Originally Posted by *fshizl* 
what do you have to do to participate in this...

I just checked for the announcement of the Yearly Mod Contest around the end of December. I too had been waiting for it for a while and Bam!, there is was. I signed up as well as a bunch of others. You have till Feb. to register and then till July to finish. It seems like a long time those 6 months but most of us were running to finish by the 1st of July. Procrastination ruled for most here, hehe.

However, you do have to take into consideration that this the THE mod contest of the year and it has to be your very best (vs. MOTM), probably the reason for the 6 mos. And did I mention cash prizes? That is what separates it from MOTM and gives it its importance.

The thing is that as soon as you open your project thread, it will be private and cannot be published anywhere (including here) until its due date. That means that it will be an OCN exclusive and it can only be viewed here for the first time. After that you can do pretty much what you wish but it will have come out here first which is what counts.

It is not exactly a showcase but it could be specially if you win, but if you can pace your work (most do it whenever and however), don't mind feeling the due date coming upon you and can stand the pressure (it gets pretty bad the last week), you are good to go. Just check out your competition so that you don't come in last which is well, disheartening.

Cheers and Saludos


----------



## Papang

Has everyone seen what is going on in the contest? In a few hours the visits have DOUBLED and so has the voting. Now that is what I expected as a first timer! Could 20-30,000 views be possible before July 25th? I would say that even commercially, it would be a success! If I were a sponsor, I would be falling over to give my products, hehe. BUT I am just here to have fun and enjoy the hub-bub.

Cheers and Saludos


----------



## fshizl

Quote:



Originally Posted by *Papang*


I just checked for the announcement of the Yearly Mod Contest around the end of December. I too had been waiting for it for a while and Bam!, there is was. I signed up as well as a bunch of others. You have till Feb. to register and then till July to finish. It seems like a long time those 6 months but most of us were running to finish by the 1st of July. Procrastination ruled for most here, hehe.
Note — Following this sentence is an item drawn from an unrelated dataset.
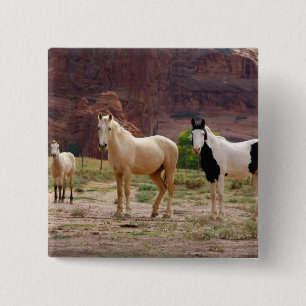 Arizona, Navajo Indian Reservation, Chinle, Button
However, you do have to take into consideration that this the THE mod contest of the year and it has to be your very best (vs. MOTM), probably the reason for the 6 mos. And did I mention cash prizes? That is what separates it from MOTM and gives it its importance.
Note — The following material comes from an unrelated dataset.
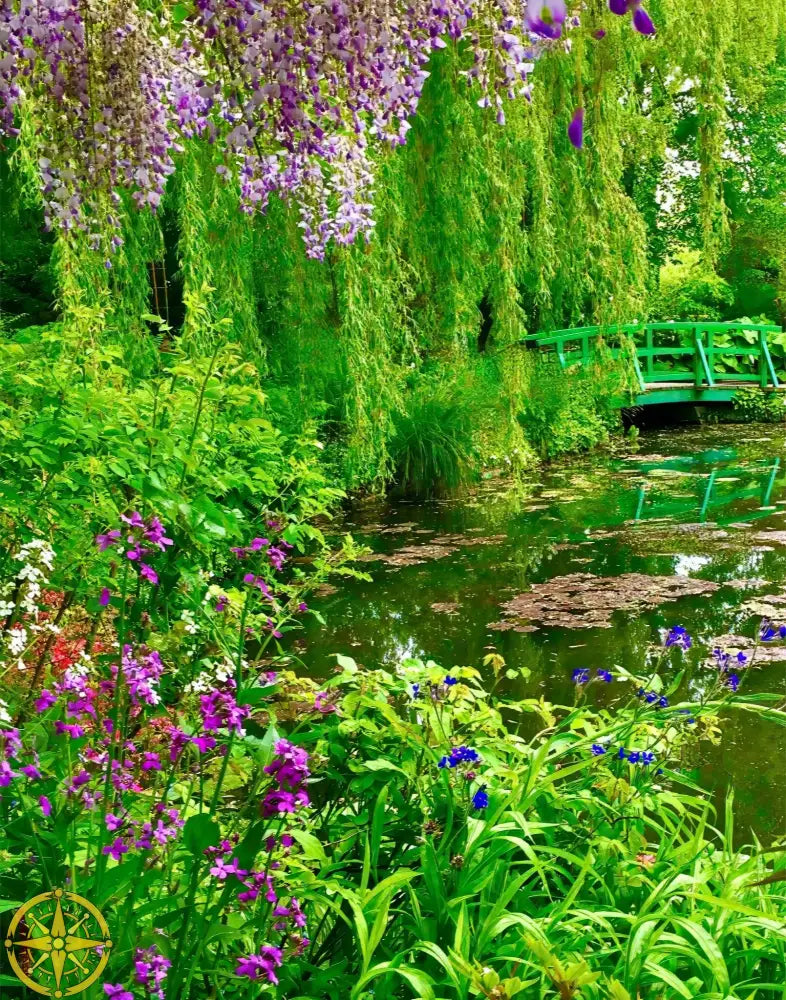 Where Colors Breathe in Brush-strokes: Claude Monet's Water Garden - Fine Art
The thing is that as soon as you open your project thread, it will be private and cannot be published anywhere (including here) until its due date. That means that it will be an OCN exclusive and it can only be viewed here for the first time. After that you can do pretty much what you wish but it will have come out here first which is what counts.
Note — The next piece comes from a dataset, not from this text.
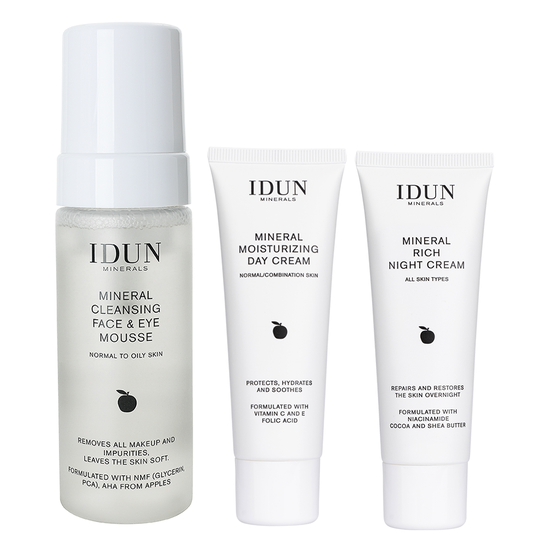 IDUN Minerals Moisturizing Kit Normal skin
It is not exactly a showcase but it could be specially if you win, but if you can pace your work (most do it whenever and however), don't mind feeling the due date coming upon you and can stand the pressure (it gets pretty bad the last week), you are good to go. Just check out your competition so that you don't come in last which is well, disheartening.

Cheers and Saludos


I just won Mod of the month... and there is cash price for that too...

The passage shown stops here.